The intervals of M3 and P5 have many harmonics aligned and those that are not aligned are far enough apart to avoid the beating that contributes to dissonance. These intervals are generally considered consonant.

I would recommend looking at a text like "Physics and the Sound of Music" by Rigden. It covers all these topics and does not assume a science background.

When it comes to building chords there is more that choosing notes, the order of the notes contributes to the overall quality of sound and there are some rules of thumb in this regard. For example it is generally a good idea to have large intervals in the bass and smaller intervals in the upper voices. The reason for this has to do with the fact that the human ear has limited resolution for distinguishing notes and this resolution is a function of average frequency of the interval. It turns out that out judgement of "consonant" and "dissonant" are frequency dependent. In the bass register a 3rd can sound muddy and is sometimes judged as dissonant, in contrast in the soprano register an M2 can sound consonant.
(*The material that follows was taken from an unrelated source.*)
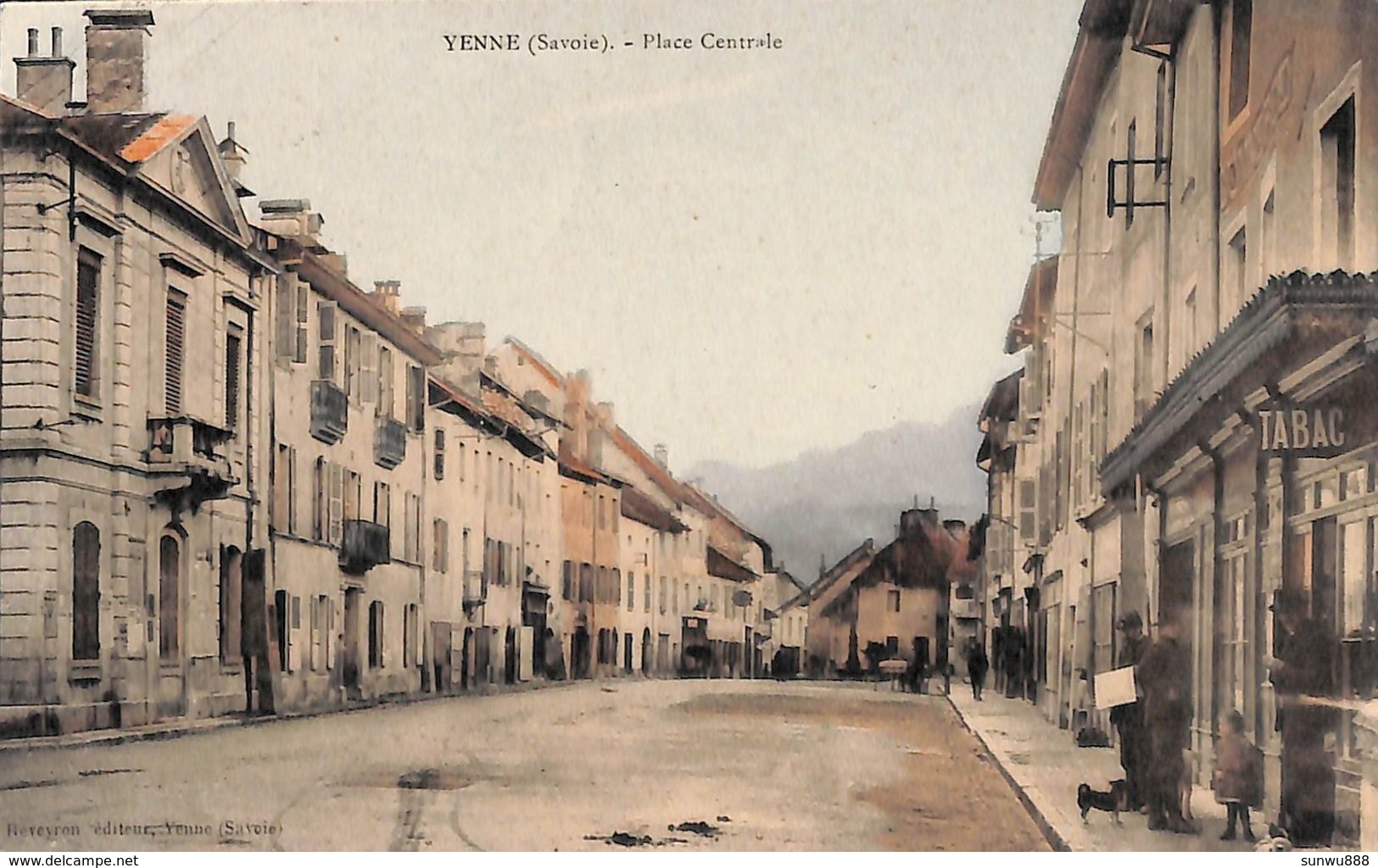 73 - Yenne - Place Centrale (animée, Colorisée, Edit. Reveyron) - Yenne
As for micro tonal chords? I have been interested in such things too, more specifically micro tonal resolutions in chord movement. I use 1/4 tones frequently but it is usually in passing. The 12TET system actually does not adhere to the harmonic structure that our ears and brain are tuned to and there are more that 12 distinct tones in an octave that can be derived from harmonics, I've read about Just scales that have 17 notes in them. In such cases one can manipulate the intervals to play with the harmonics and perhaps create novel (or rediscover old) chords. However, if you are looking at micro-tone scales built up from equal temperament, like 24 tone chromatics etc. I think these will always produce more dissonant intervals than the standard scales we use. In the case of the 12TET major scale (i.e. diatonic scale built from tones in the 12TET chromatic scale) the difference is extremely small and most folks cannot tell that the harmonics are slightly off. In my opinion introducing more micro tones hurts in this regard more than it helps but that's just my opinion. Some of us enjoy the beating (pun intended) and dissonance becomes enjoyable. Other than the description of consonance and dissonance in terms of harmonics I have not seen a general rule of thumb for chord building that would generalise to micro tonal scales.

  • 1
    "fraction of small integers" means something like 3/2 (pure fifth) or 6/5 (minor third), not the 18/17, 17/16 or more realistically almost irrational number that minor second is.
    – ojs
    Commented Oct 2, 2020 at 18:08
  • A just minor second is NOT irrational. On the other hand ALL 12TET intervals are irrational.
    – user50691
    Commented Oct 2, 2020 at 18:49
  • With "realistically" I meant that any tuning with reasonable amount of well tuned larger intervals isn't going to have just minor seconds.
    – ojs
    Commented Oct 3, 2020 at 9:30

Notes with low integer ratios between them will sound most consonant and pleasing and restful. The notes low in the harmonic series will naturally have this property because they are made by fitting a wave into a particular length of tubing or string an integer number of times. If we look at the key of C we would have the following harmonics

  1. C
  2. C
  3. G
  4. C
  5. E
  6. G
  7. B flat
  8. C
  9. D
  10. E
  11. F (very sharp)
  12. G

Octaves sound great, and always have a 1:2 ratio. Other ratios like 2:3 giving a perfect 5th (C and G) and 3:4 giving a fourth (G and C) and 4:5 giving a major third. A tritone though has a ratio of 5:7

The lowest three distinct notes (ie. Classing octaves as the same note) are C E and G and the most complex ratios are 3:5 and 5:6 between the two Gs and the E, forming a 6th and a 3rd, meaning that major chords will have the least tension of any triad.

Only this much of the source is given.